The countertop flows over the edge of the sink.

 

Flush-Mount:

The countertop and sink are at the same height creating a smooth surface. Note, the silicone sealer will be visible.

Top-Mount:

The sink sticks out above the countertop which buts up against the side of the sink. Decide how high you want your sink to stick out.

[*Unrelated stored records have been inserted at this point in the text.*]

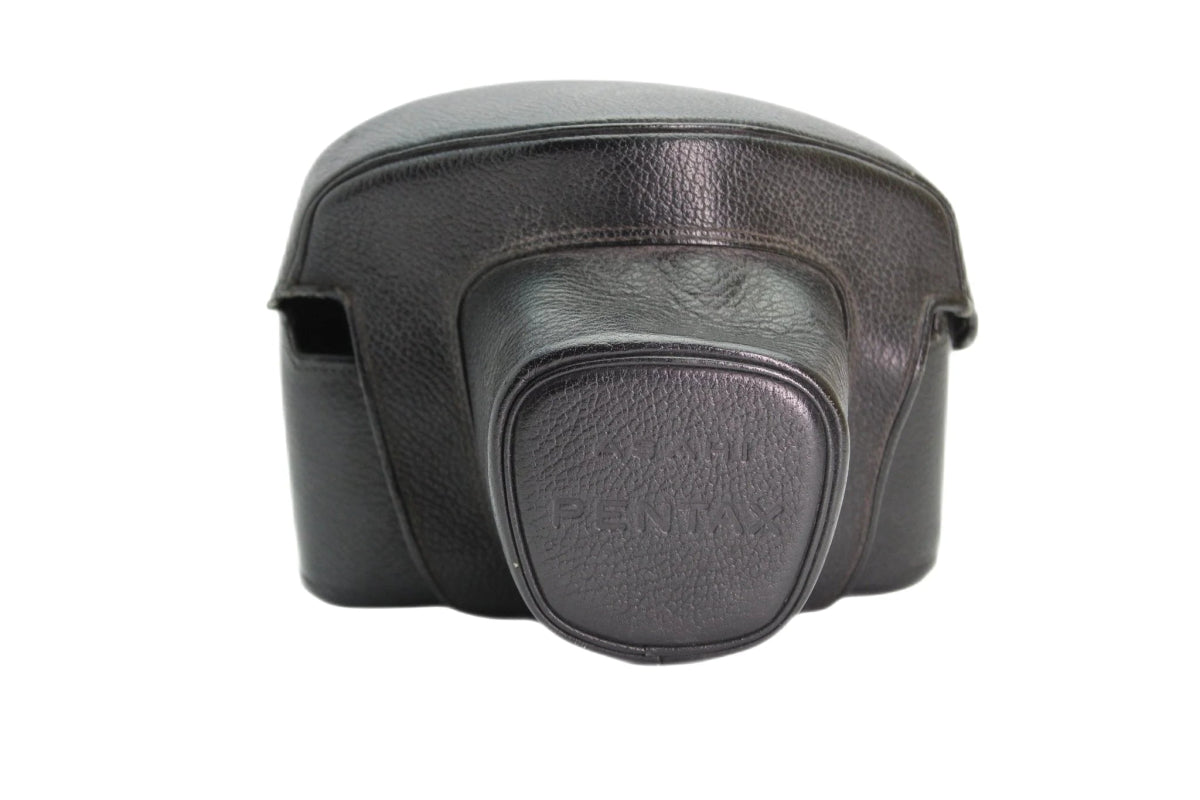 Pentax Black Leather Case - Pentax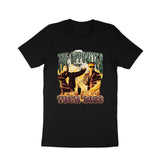 "Tour Shirt" Black T-shirt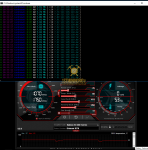 RX 580 4GB ProgPow Mining Hashrate TDP -25% Stock Clocks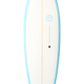 VENON Surfboards - Marlin - Retro Fish Twin - White Deck Blue - Swallow Tail
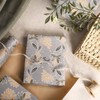 RUSPEPA Kraft Wrapping Paper Roll - Mini Roll - Retro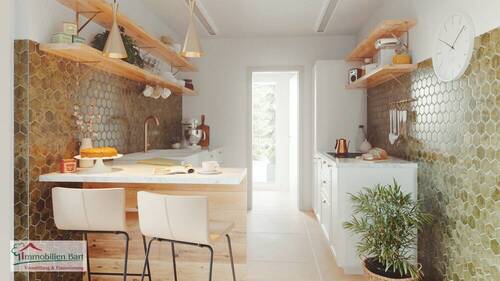 Küche - 4 Zimmer Bungalow zum Kaufen in Kastel-Staadt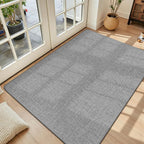 LEKEEPGO Ultra Thin Indoor Door Mat 36"x59", Low-Profile Door Mat Indoor by LEKEEPGO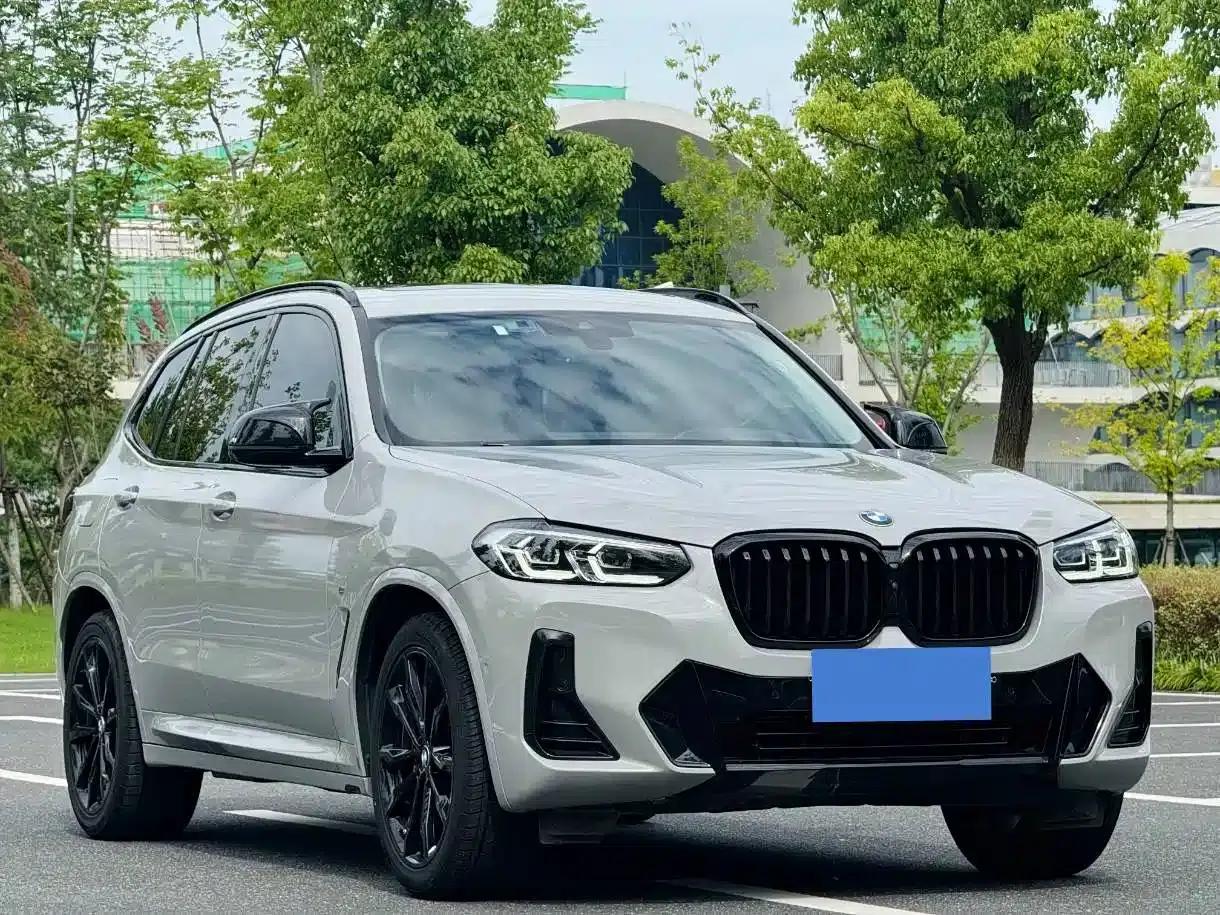 BMW X3 2022 Facelift xDrive30i Leading Edition M Sport Package — миниатюра 3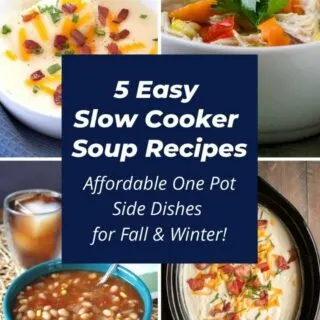 one pot slow cooker soup recipes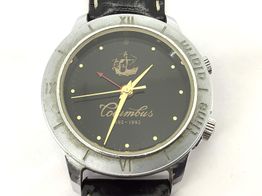 reloj pulsera caballero columbus 1492-1992 conmemorativo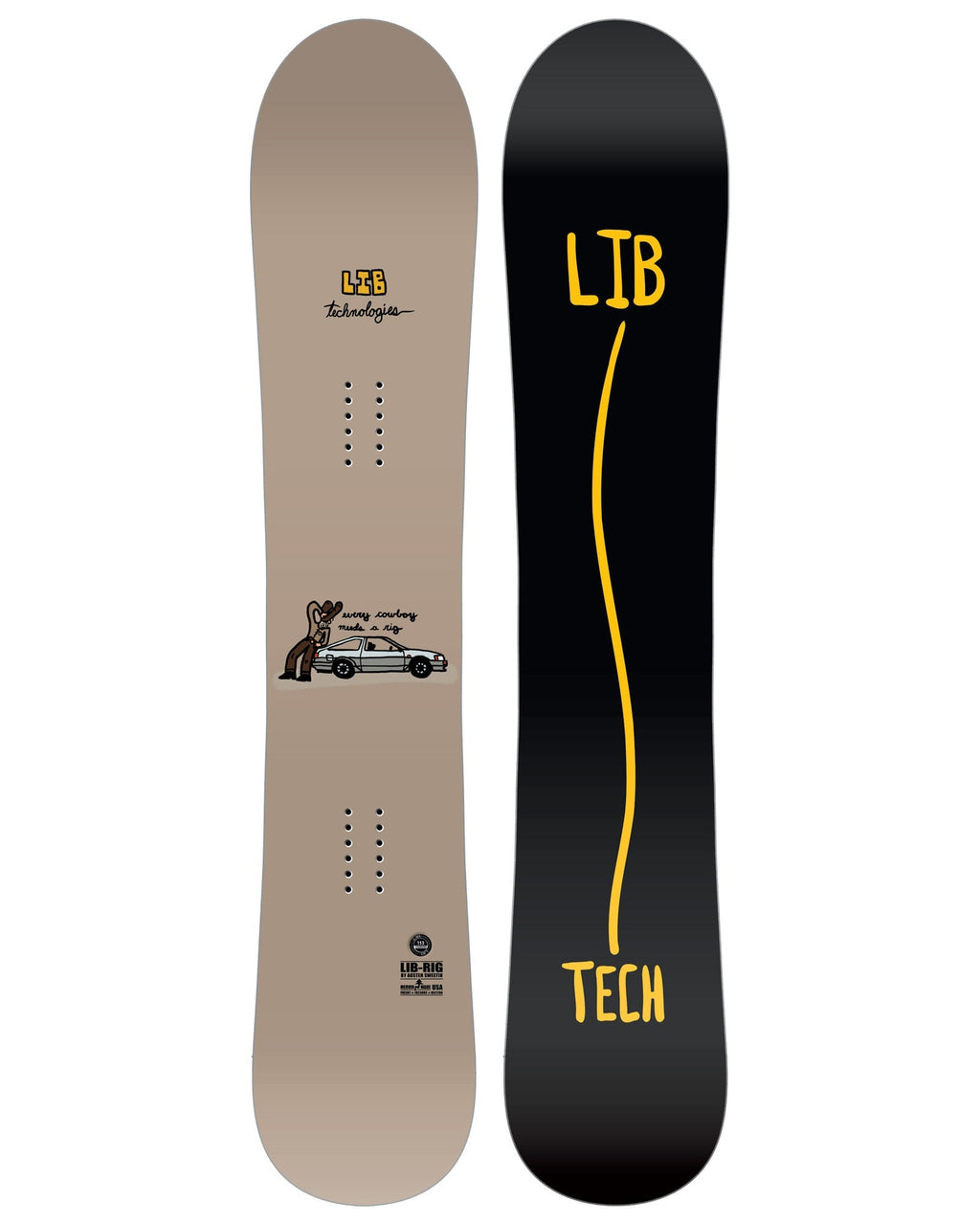 Lib Tech Lib Rig Snowboard 2027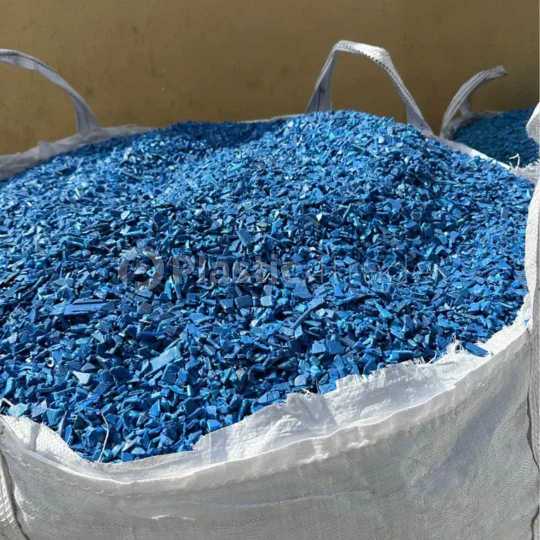 HDPE BLUE DRUM REGRIND HDPE Grinding Blow alaska usa Plastic4trade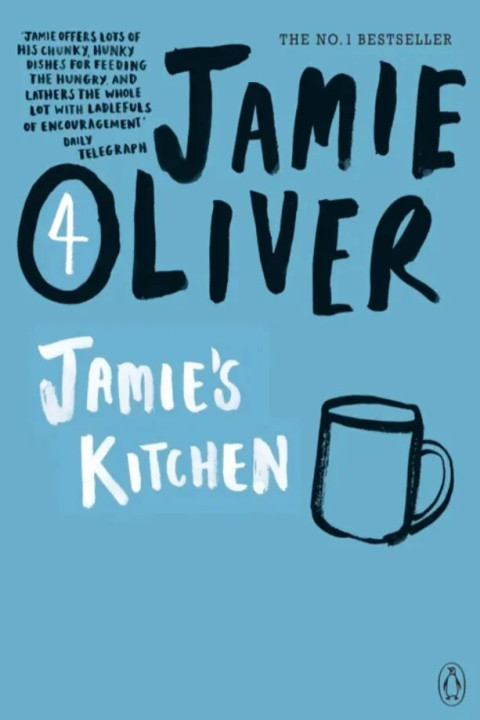 Omslag: Jamie s Kitchen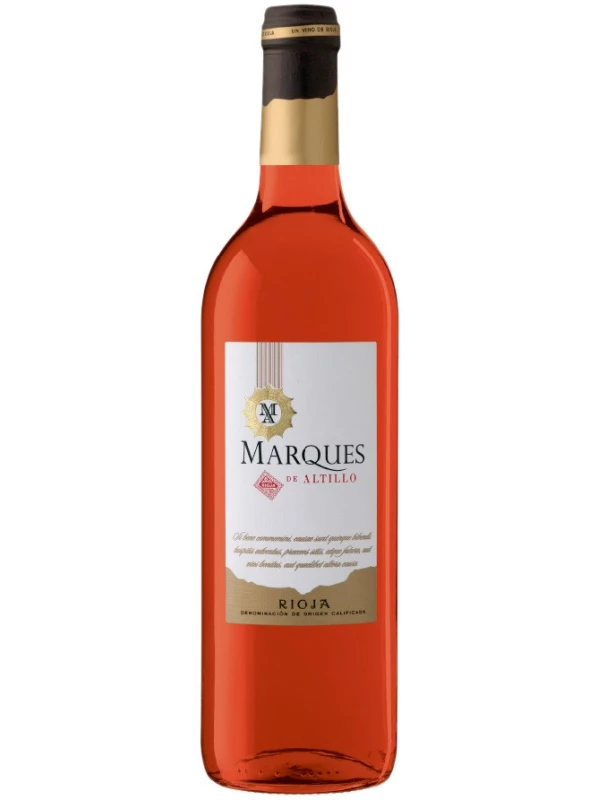 Marques de Altillo Rose, Rioja DOCa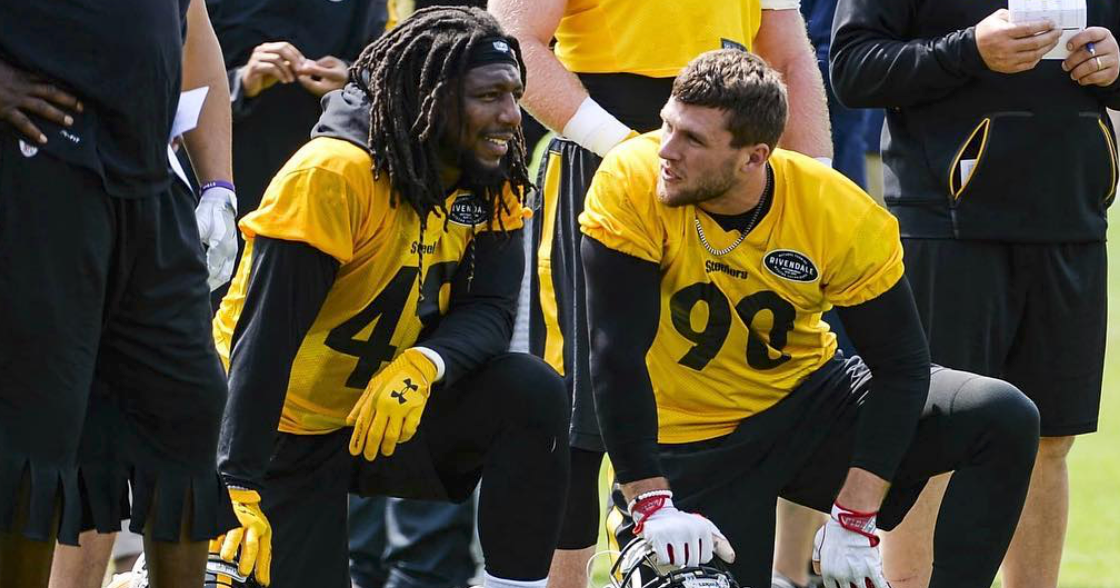 T.J. Watt explains Bud Dupree's value to Steelers' defense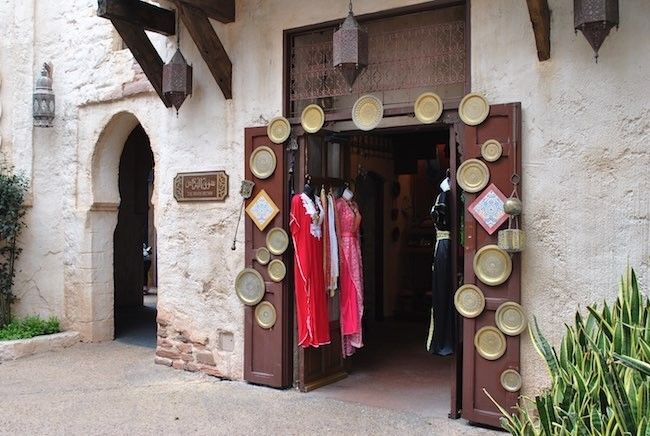 best ranked shops in epcot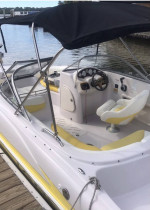 Tahoe deck boat 196
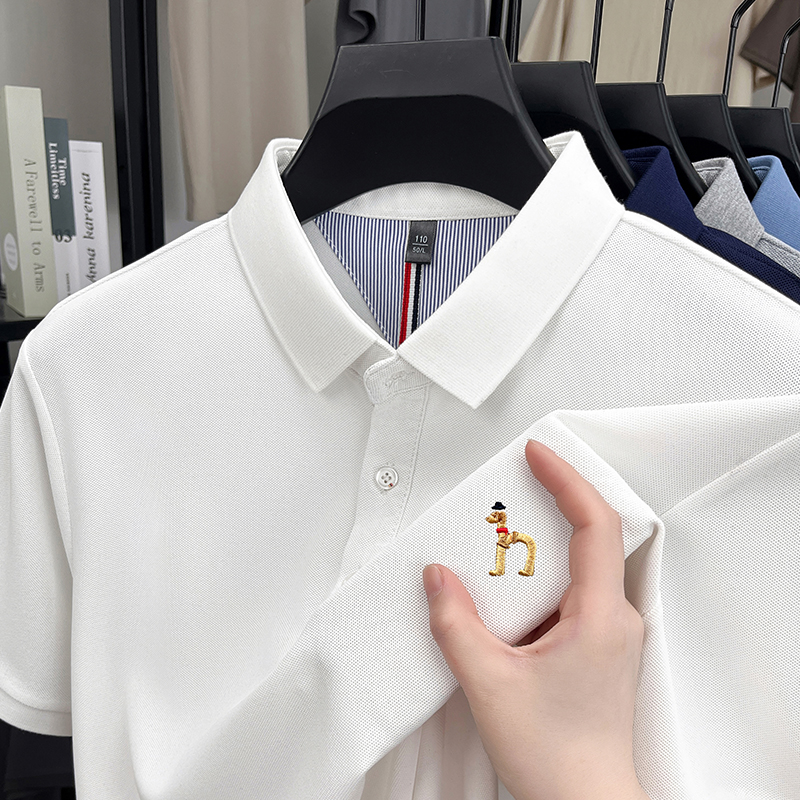 Brand Design Men's Polo Shirt  - огляд і ціна Polo Shirt Pique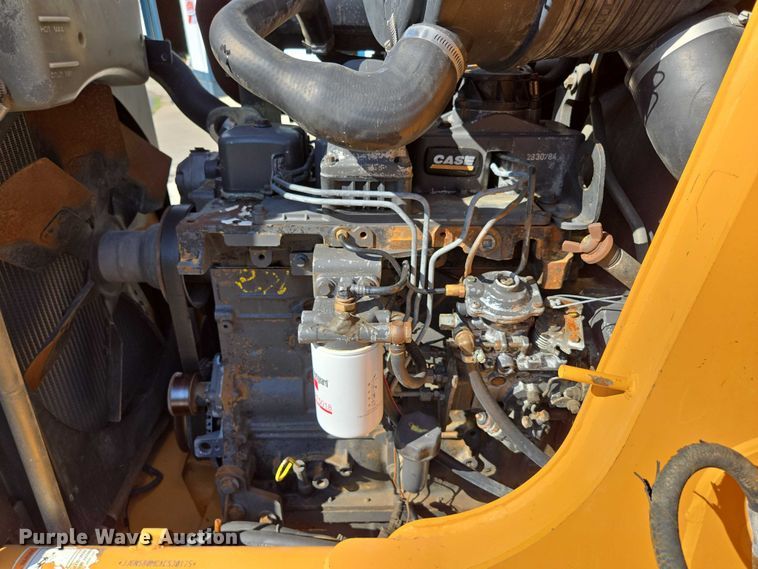 image for item ED2011 2010 Case 580 M backhoe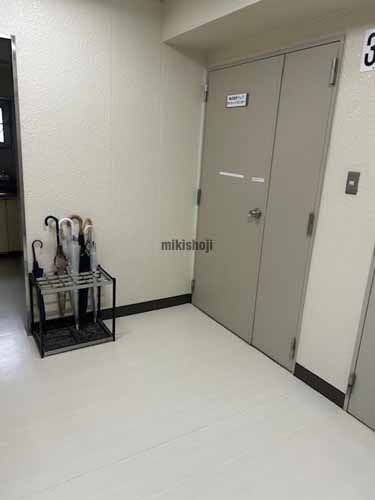 ミズノビル エレベーターホール3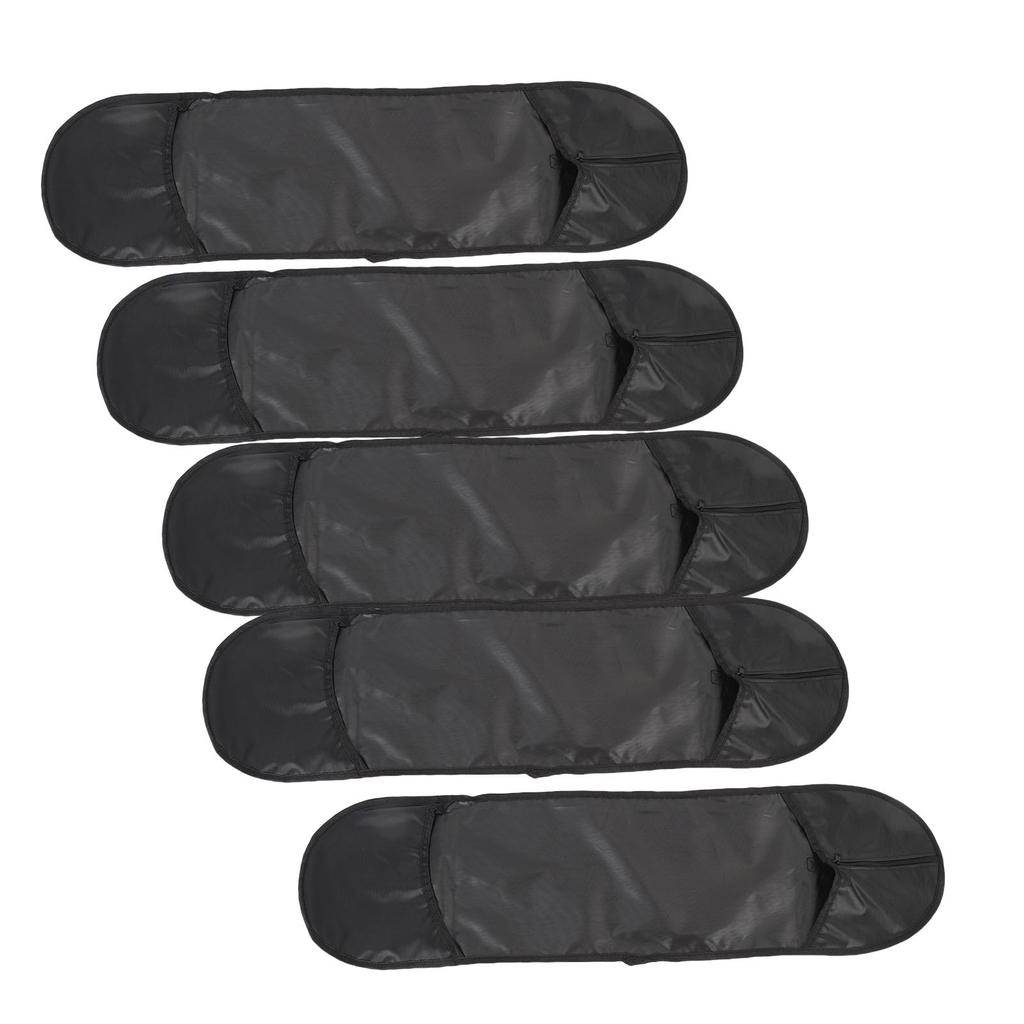 5pcs Skateboard Bag Watertight Ergonomic Strap Portable Skateboard Carry Bag for Outdoor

Step 1: Countertop Cut-Out

Use the sink upside down to trace the cut out of the countertop. Use precise measurements.

 

Step 2: Cabinet Cut-Out:

Cut the front of the base cabinet according to the front apron of the farm sink. Please note that the front of the sink is slightly tapered. This means that the width of the top is slightly wider than that of the bottom. You should make a template using heavy paper or carton so that your cabinet is cut at the same angle as the sink.

 

Step 3: Supporting the Sink:

Mount the undermount installation kit (ABUMSB) to the inner side walls of your cabinet. We then recommend putting plywood on the rods to create a large smooth flat surface. Drill the necessary drain holes. If you did not purchase the kit you will need to create a custom support using 2x4's.

 

Step 4: Leveling:

Slide your sink in and make sure it is leveled on bottom and top. Make adjustments if necessary.

Step 5: Sealing:

Using a silicone sealer seal all edges of the sink to the countertop to prevent water from leaking into your cabinet. Done!